The festival's vice-president and artistic director André Ménard describes Spalding's recent performance at the 10-day event as "taking it to another level", fuelled with drama and imagination.
On meeting Spalding, whose afro has become something of a trademark, it is difficult to believe that a slight 26-year old could possess a great voice with such depth.
Even more so as she also maintains a seemingly effortless upright position playing bass, although she confidently says "all it takes is a little practice".
This year has seen Spalding hit the big time, beating Justin Bieber and Drake to win one of the music industry's most prestigious prizes, the Grammy for best new artist.
Describing the occasion as "thrilling", she adds: "It's exciting that in that category someone a little bit off the beaten path would be selected."
Spalding's musicality has always set her apart.

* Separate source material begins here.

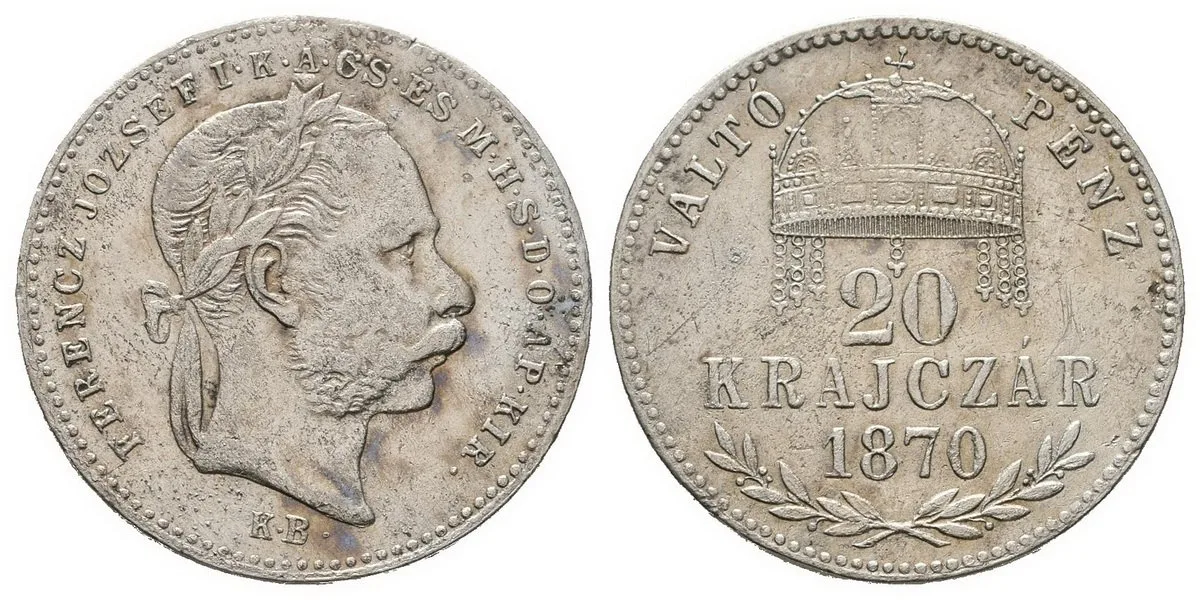 František Josef I., 1848 - 1916 — 1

She was raised in a single-parent home in a deprived neighbourhood of Portland, Oregon but at the age of five she taught herself the violin.
Her subsequent time with The Chamber Music Society of Oregon, a community orchestra, inspired her third album, Chamber Music Society, which fuses classical music and jazz.

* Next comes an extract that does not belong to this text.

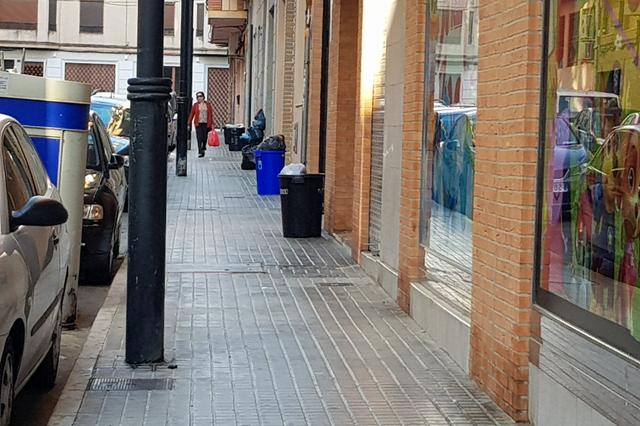 Desconvocada la huelga de recogida de basura en la Vall d'Albaida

And Spalding's energy and creativity has a legion of high-profile admirers, including jazz giants Joe Lovano, Jack DeJohnette and Pat Metheny.

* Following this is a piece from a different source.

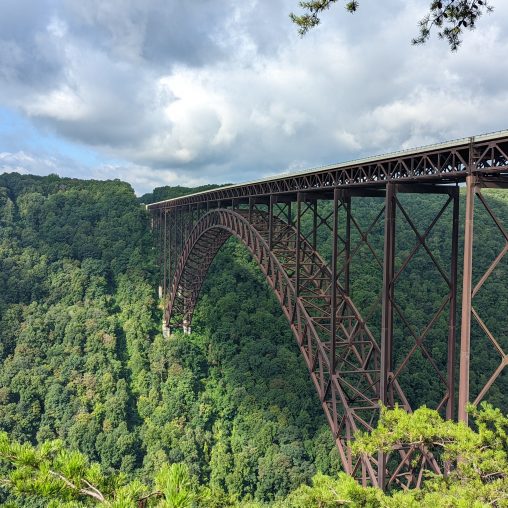 West Virginia Road Trip – Summer 2022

Beyond this, Barack Obama is her most famous supporter, having personally invited her to perform at the 2009 Nobel Peace Prize ceremony.
Spalding modestly denies her success to date is purely down to her abilities, crediting "great teachers, great friends and her parents" for her success.
She describes her three years teaching at Berklee Music College, from the age of 20, as a "gift from the people she had been involved with".
Spalding's diverse heritage - Native American, Hispanic and African American - clearly informs her musical output.
But she admits it is hard to specify what defines her music, saying it all depends on "what little sounds come though by osmosis" on each piece she is working on.
Although Spalding's success has shone a brighter light on the jazz community, she is not ready to call herself an ambassador for the genre.
Instead, she believes her main objective for the moment is to make "improvised" music suitable for radio airplay "without sacrificing any of its important elements".
This, she adds, is what her forthcoming album, Radio Music Society - to be released early in 2012 - aims to achieve.
Esperanza Spalding may not be a mainstream-selling recording artist, but she definitely has the potential to be a significant creative force for many years to come.
Many believe that, as her name "esperanza" says in Spanish, she is the "hope" for the future of jazz.
Esperanza Spalding will be playing at the London's Barbican Centre Monday 11 July.